There is no evidence that any of these promotional items are distributed to Fedway customers located within the enterprise zone and consumed within the enterprise zone. Therefore, I find that all of the subject purchases classified as sales promotion items are subject to use tax.
Fedway argues that Director's position in this case should be discounted because it contradicts positions Director asserted in Cosmair, Inc. v. Director, N.J. Div. of Taxation, 109 N.J. 562, 569, 538 A.2d 788 (1988), rev'g 9 N.J. Tax 89 (App.Div. 1986), and Hoffman-La Roche v. Taxation Div. Director, 5 N.J. Tax 154 (Tax 1983), aff'd in part, rev'd in part, 192 N.J. Super. 552 , 471 A.2d 786 (App.Div. 1983). In both cases cited by Taxpayer, Director took positions as to when a "use" occurred. In Hoffman-La Roche, the court agreed with the Director's position and in Cosmair, the Court disagreed. I do not find these positions taken by the Director, or the cited court decisions, relevant because the issue in this case is fact-sensitive and involves a statute which refers to "exclusive use or consumption," a term which requires interpretation independent from the term "use." Exclusive use and consumption, as used under the Act, is determined when the goods are employed for their intended use, and requires more than merely a change of control or possession of the items.

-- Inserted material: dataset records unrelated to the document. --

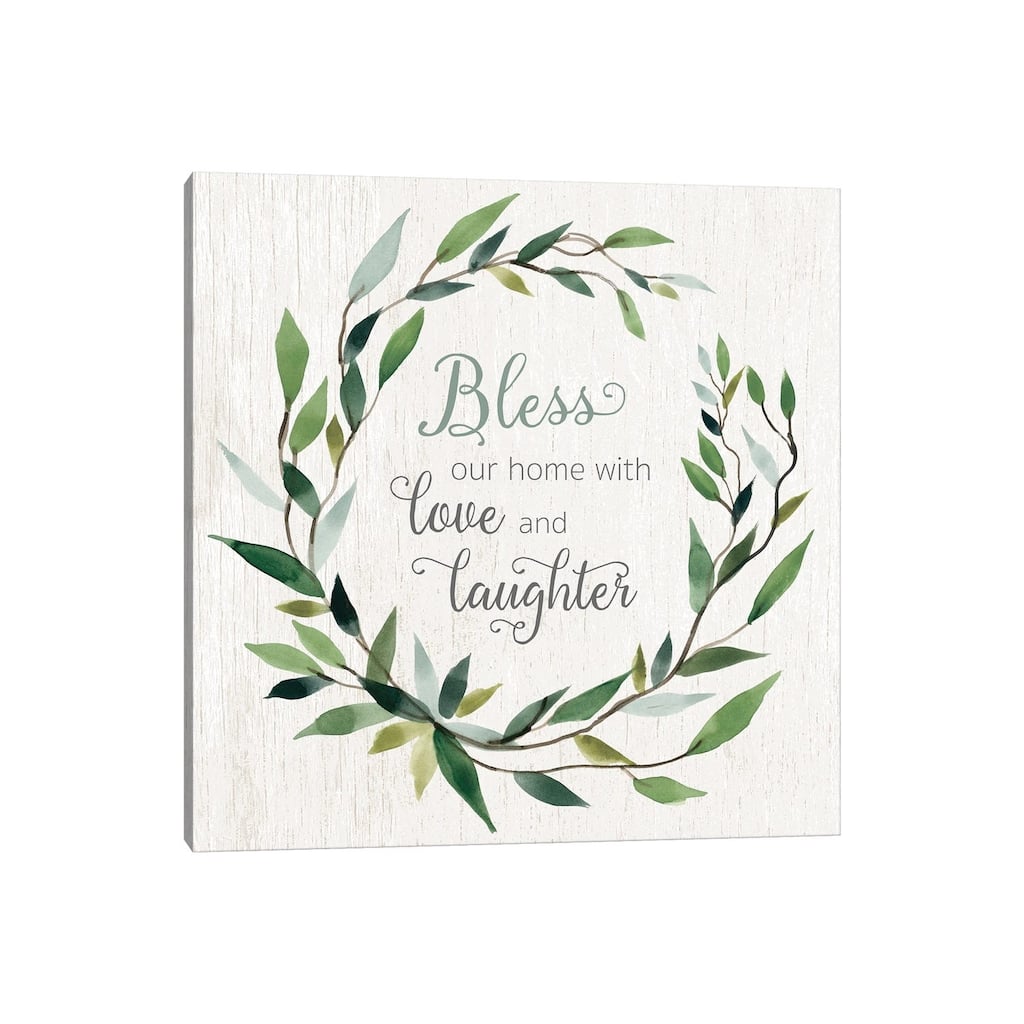iCanvas "Bless This Home Greenery" by Carol Robinson Canvas Print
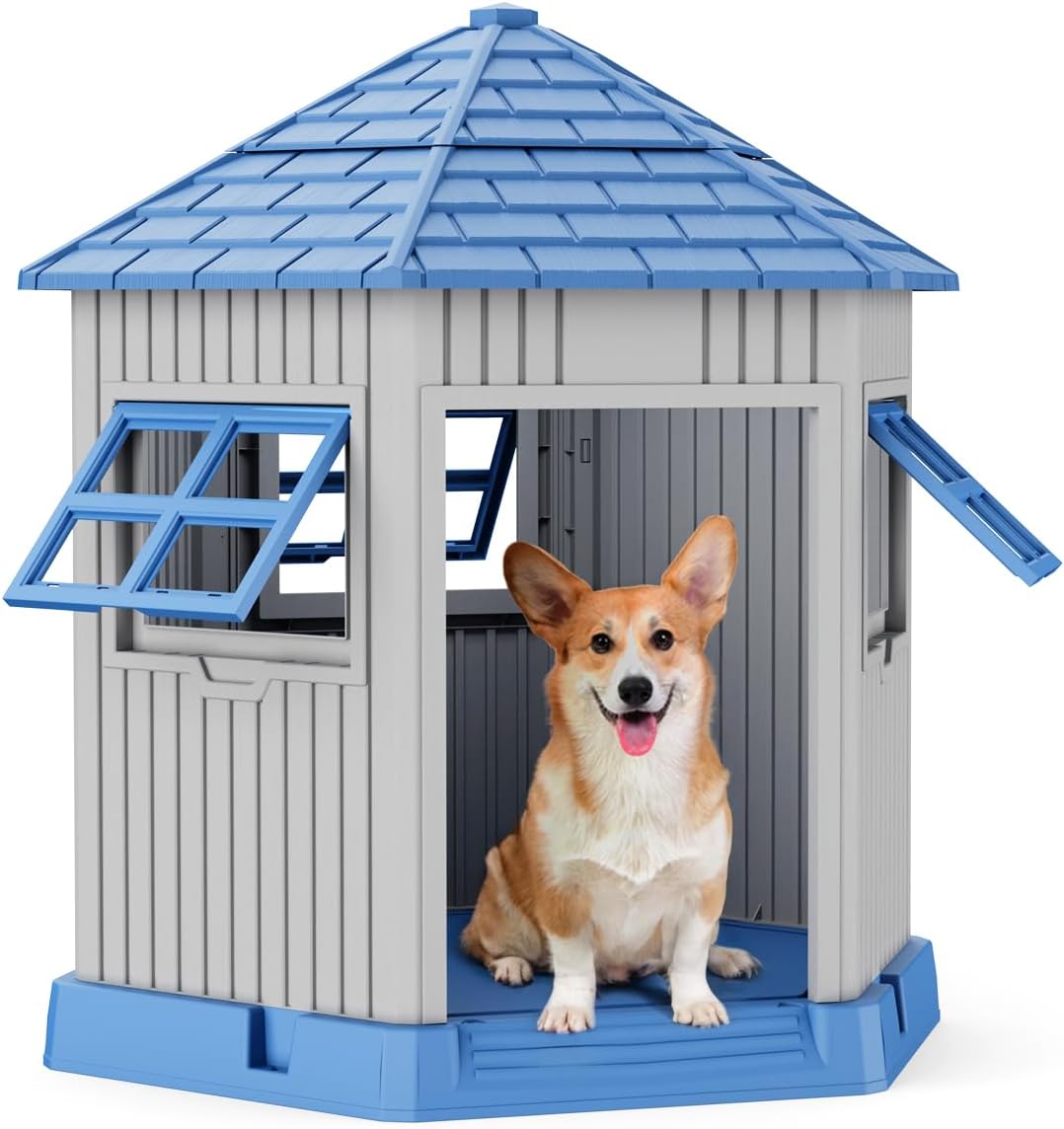 DRATO Dog House Indoor Outdoor Durable Large Dog Shelter with Outside Dog Kennel with Window and Elevated Floor for Small Medium Dogs (Blue, by)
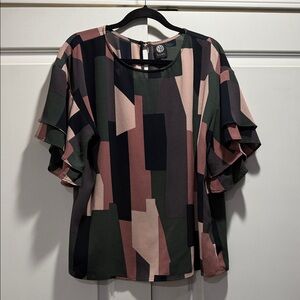 Bobeau abstract colorblock top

Fedway's argument that items given to salespersons as incentive compensation, or for further distribution to customers outside the enterprise zone, promote development and employment in the enterprise zone and are therefore exempt is inconsistent with the requirement of the Act that materials and supplies must be exclusively used or consumed within the enterprise zone.
Director's use tax deficiency assessment is affirmed.